Building a Processor Object#
The core of processor_tools functionality involves building Processor classes that are subclasses of BaseProcessor. This section of the user guide provides information for how to build and use your own Processor classes.
Creating a Processor Class#
Processor classes are defined by subclassing the BaseProcessor class. The processor’s processing algorithm should be defined by overriding BaseProcessor.run method.
In this example we define a processor class for multiplying input values together.
In [1]: class Multiplication(processor_tools.BaseProcessor):
...: def run(self, val1, val2):
...: return val1 * val2
...:
In [2]: mult_proc = Multiplication()
In [3]: print(mult_proc.run(2,3))
6
Defining Configuration Values#
Configuration values can be provided when the processor class is initialised with a context object. The context object should be a container with the necessary configuration values defined - this may be as a simple dict.
processor_tools also provides the Context object, which has useful extra functionality for handling Processor state/configuration. For more information on using the Context object for storing processor state, see the relevant section of the user guide.
Within an initialised processor object, the context object can be accessed as an instance attribute.

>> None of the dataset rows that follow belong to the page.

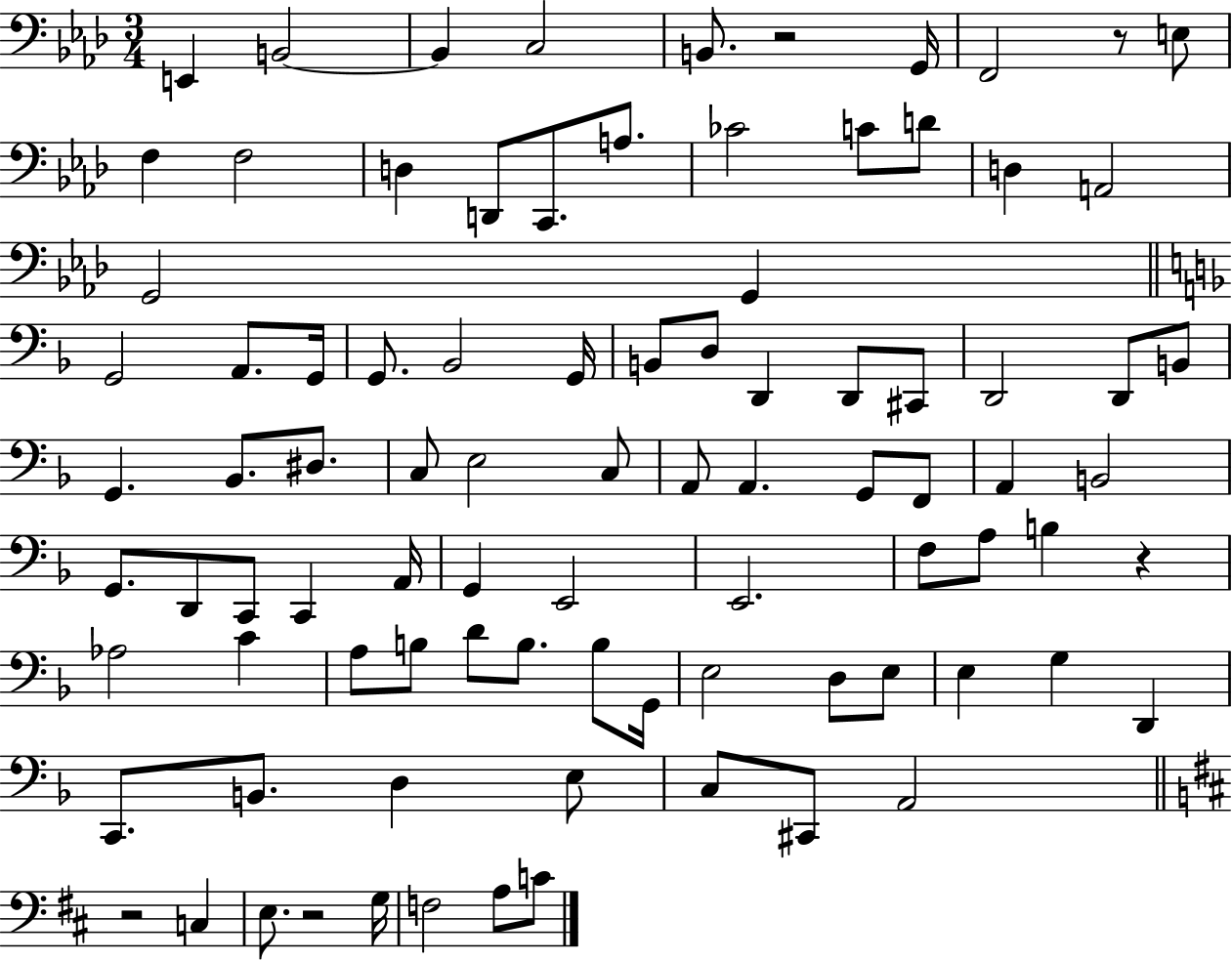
X:1
T:Untitled
M:3/4
L:1/4
K:Ab
E,, B,,2 B,, C,2 B,,/2 z2 G,,/4 F,,2 z/2 E,/2 F, F,2 D, D,,/2 C,,/2 A,/2 _C2 C/2 D/2 D, A,,2 G,,2 G,, G,,2 A,,/2 G,,/4 G,,/2 _B,,2 G,,/4 B,,/2 D,/2 D,, D,,/2 ^C,,/2 D,,2 D,,/2 B,,/2 G,, _B,,/2 ^D,/2 C,/2 E,2 C,/2 A,,/2 A,, G,,/2 F,,/2 A,, B,,2 G,,/2 D,,/2 C,,/2 C,, A,,/4 G,, E,,2 E,,2 F,/2 A,/2 B, z _A,2 C A,/2 B,/2 D/2 B,/2 B,/2 G,,/4 E,2 D,/2 E,/2 E, G, D,, C,,/2 B,,/2 D, E,/2 C,/2 ^C,,/2 A,,2 z2 C, E,/2 z2 G,/4 F,2 A,/2 C/2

In [4]: class Exponentiate(processor_tools.BaseProcessor):
...: def run(self, val1):
...: return val1 ** self.context["exponent"]
...:
In [5]: context = {"exponent": 2}
In [6]: exp_proc = Exponentiate(context=context)
In [7]: print(exp_proc)
<Processor: Exponentiate>
In [8]: print(exp_proc.run(3))
9
Setting Processor Names#
By default the processor name is defined as the class name (e.g., "Multiplication" and "Exponentiate"). This may be updated by setting the cls_processor_name class attribute when defining the class. The processor name may be accessed from processor objects via the processor_name attribute.
In [9]: class FirstProcessor(processor_tools.BaseProcessor):
...: pass
...:
In [10]: class SecondProcessor(processor_tools.BaseProcessor):
....: cls_processor_name = "my_new_name"
....:
In [11]: proc1 = FirstProcessor()
In [12]: proc2 = SecondProcessor()
In [13]: print(proc1.processor_name, proc2.processor_name)
FirstProcessor my_new_name
Using Subprocessors#
Processor classes may be related to other processor classes as “subprocessors”. Subprocessors are effectively plugins that can represent modular parts of a processing chain. A defined subprocessor may be switched out for alternative implementation by replacing it with a different processor class. This allows for user configurable processing chains in cases where a variety of processing options are available.
Appending subprocessors to a processor object#
A processor may be added to another processor class’s subprocessors using the append_subprocessor method. Subprocessors may be added as instantiated processor objects, processor classes, or processor factories (more of which below). append_subprocessor stores an instantiated processor object for any of these options.
A processor object’s subprocessors are stored in a dictionary that is accessible via the subprocessors attribute.
In [14]: class MyProcessor(processor_tools.BaseProcessor):
....: pass
....:
In [15]: proc = MyProcessor()
In [16]: proc.append_subprocessor("subprocessor1", MyProcessor)
In [17]: print(proc.subprocessors)
{'subprocessor1': <Processor: MyProcessor>}
This can continue recursively, where a processor class’s subprocessor may itself have it’s own subprocessors and so on.
In [18]: subproc2 = MyProcessor()
In [19]: subproc2.append_subprocessor("subprocessor2a", MyProcessor)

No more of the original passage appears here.